Being contains the solution for itself,  the explanation, and poetry happens when being connects with its principle.  It need not be dictated by a Muse, but it does not, ever, arrive out of daylight consciousness.  Poetry is an intrusion, an over-and-above that sets almost everything else for the moment at naught.  I am not a poet, but I have felt the touch of poetry, enough that I understand it as a power, a matter for awe.  The experience of a true poem is the experience of being awestruck.  By the words, the beauty, but more by the revelation in the self of an awareness, a feeling, that temporarily banishes other considerations."

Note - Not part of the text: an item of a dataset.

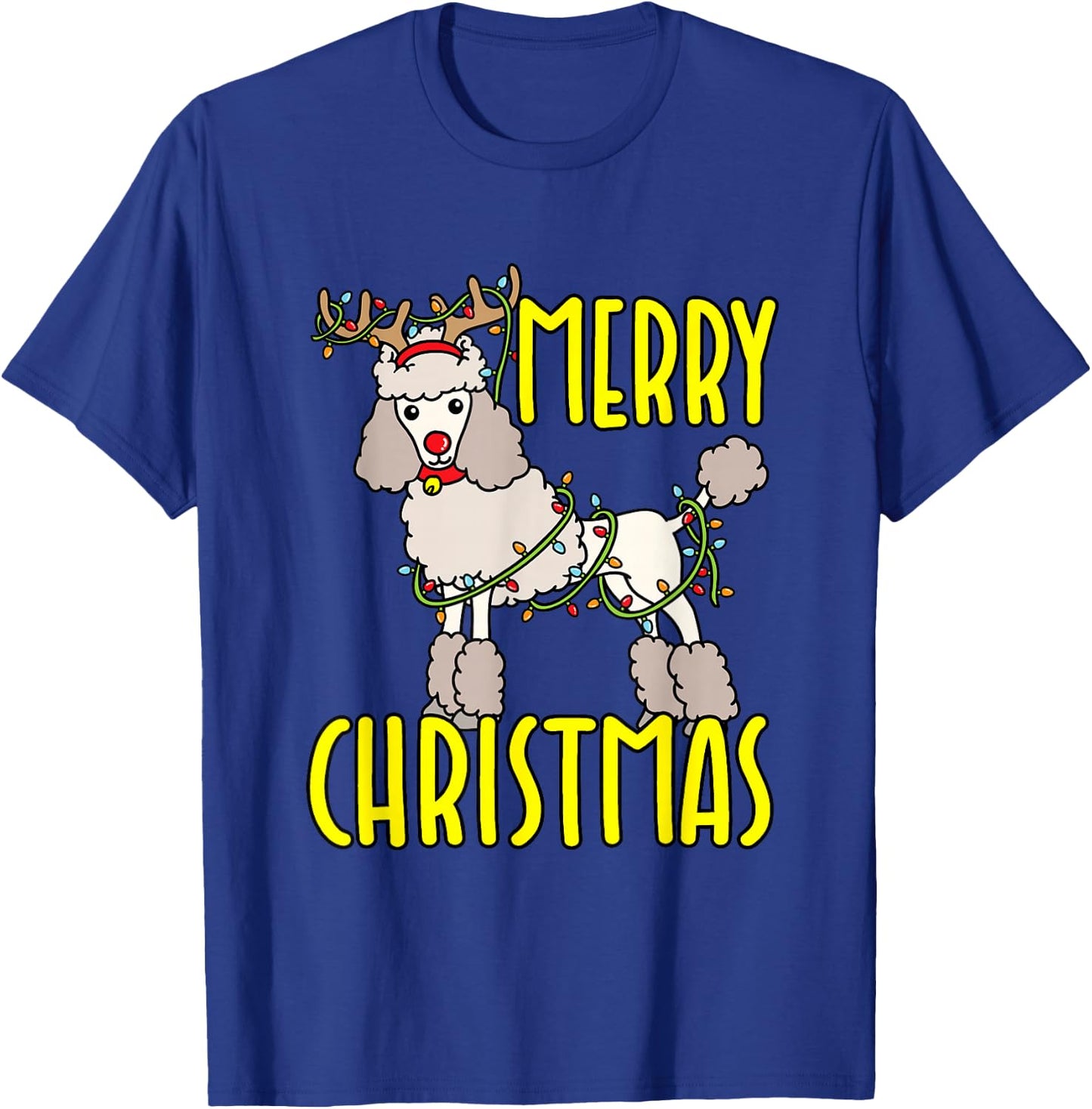 Standard Poodle Gifts And Shirts Poodle Christmas Dog Antlers Xmas Holiday T-Shirt - T-Shirt | Royal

Painting for me is the means to try to capture what is also a glimpse, which is to see something but not quite,  that hints at so much more beyond the glimpse.

Tuesday, May 20, 2014

Hanging Out the Wash



The above, one of many sketches I did over the last two weeks,  was scanned, since my camera broke last week.  Hopefully, I will be back in business soon with a new camera.  The sketch is a 9x12 pencil drawing of a building in Florence, Italy.

Tuesday, May 6, 2014

Inside Landscapes




The above two 9x12 pastel drawings are also from the landscape table.  Both were done yesterday.  The last photo shows the studio wall, where I have been 'posting' some items.  The card table landscape is located at the lower left.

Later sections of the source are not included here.